Run History

Azure ML can supercharge your ML workloads in (at least!) two ways:

AML Compute: Providing powerful compute resoures to train larger models
Run history: Best-in-class lineage and reproducability

In this article we focus on Run History - and why you need it in your life!

As teams progress to running dozens, and eventually hundreds of experiments, having some way to organize them is essential. Run History is a service that provides a number features that quickly become essential to your ML-model builders:

Experiments and Runs#

When you are running dozens of experiments in multiple different projects, having a clear way to organize and search though the results is key. Azure ML provides two concepts to help with this: Runs and Experiments.

Runs#

A run is a single execution of your code - usually a training script. The run has a life-cycle: the code is prepared to be submited to Azure ML (e.g. via a ScriptRunConfig), then the code is submitted

Once the code is submitted to Azure ML (for example, via a ScriptRunConfig) a Run object is created. This compute target is prepared (nodes are provisioned, containers hosting your Python environment are fired up), the entry point script is called ($ python run.py [args]) and logs start being generated:

Files already downloaded and verified
epoch=1, batch= 2000: loss 2.19
epoch=1, batch= 4000: loss 1.82
epoch=1, batch= 6000: loss 1.66
...

You may log metrics to Azure ML with run.log('<metric_name>', metric_value) and monitor them in the studio:

The training concludes, usually some model files are saved, and the nodes are released.

But the story doesn't end there. The run persists even after the nodes are returned to Azure. You can always return, either in code or via the studio, to see a history of your runs, all their outputs and metrics, and the exact code that was used to generate them.

Experiments#

An Experiment is a collection of runs. All runs belongs to an Experiment. Usually an Experiment is tied to a specific work item, for example, "Finetune Bert-Large", and will possess a number of runs as you iterate toward this goal.

Snapshot#

When you submit your code to run in Azure ML, a snapshot is taken. This is a copy of the exact code that ran. Think of this as version control for your experiments. Want to reproduce the results from that experiment 2-months ago even though you've iterated on the model and the training script in the meantime? No problem, snapshot has you covered!

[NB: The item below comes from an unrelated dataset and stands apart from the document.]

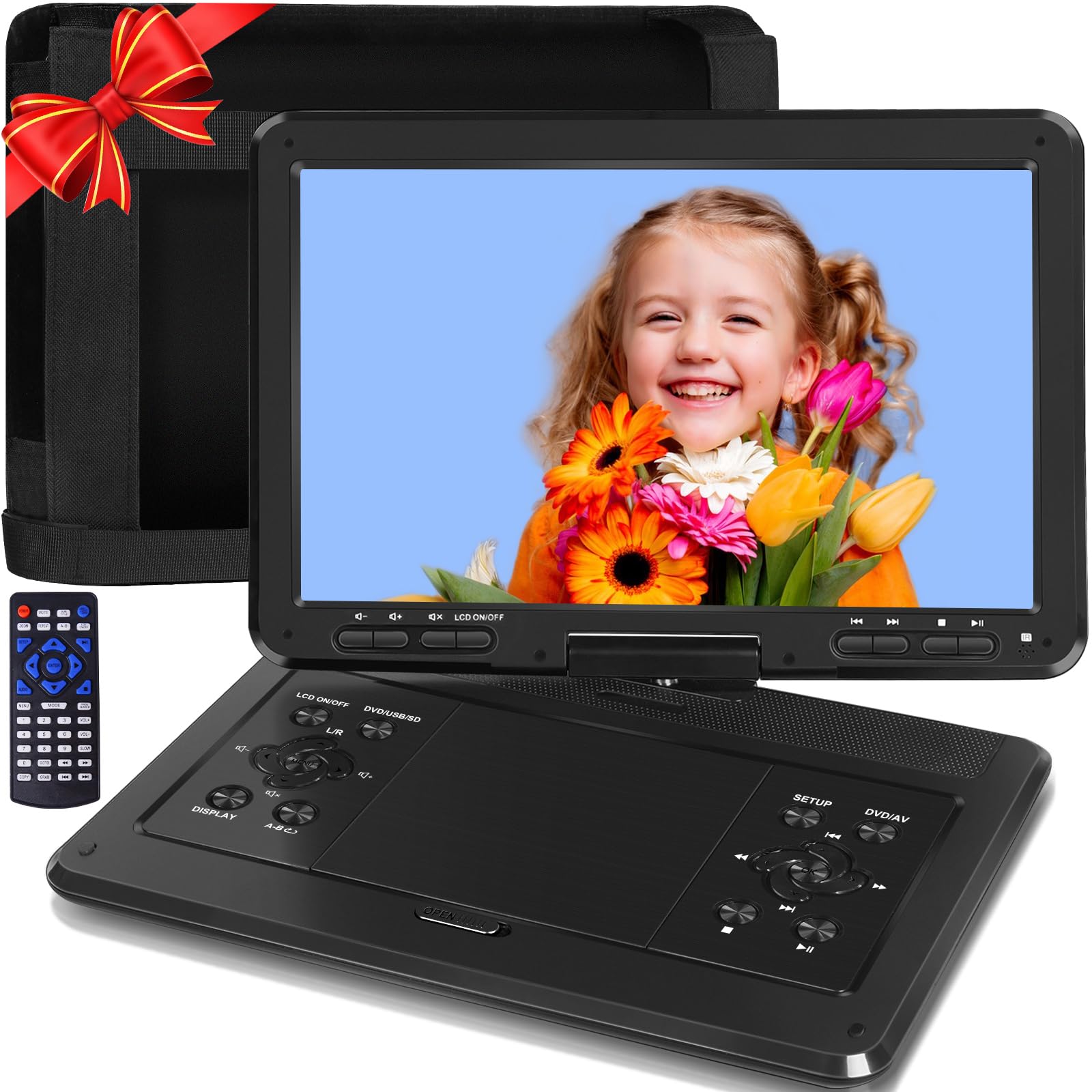 Yoohoo 16.9'' Portable Dvd Player With 14.1'' Large Hd Swivel Buttons Screen, 6 Hrs Battery Dvd Player Portable, Power Adapter,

You have total control of what goes into the snapshot with the .amlignore file. This plays the same role as a .gitignore so you can efficiently manage what to include in the snapshot.

Metrics#

As you run experiments, you track metrics - from validation loss through to GPU load. Analysing these metrics is essential to determining your best model. With Run History, these metrics are stored for all your runs.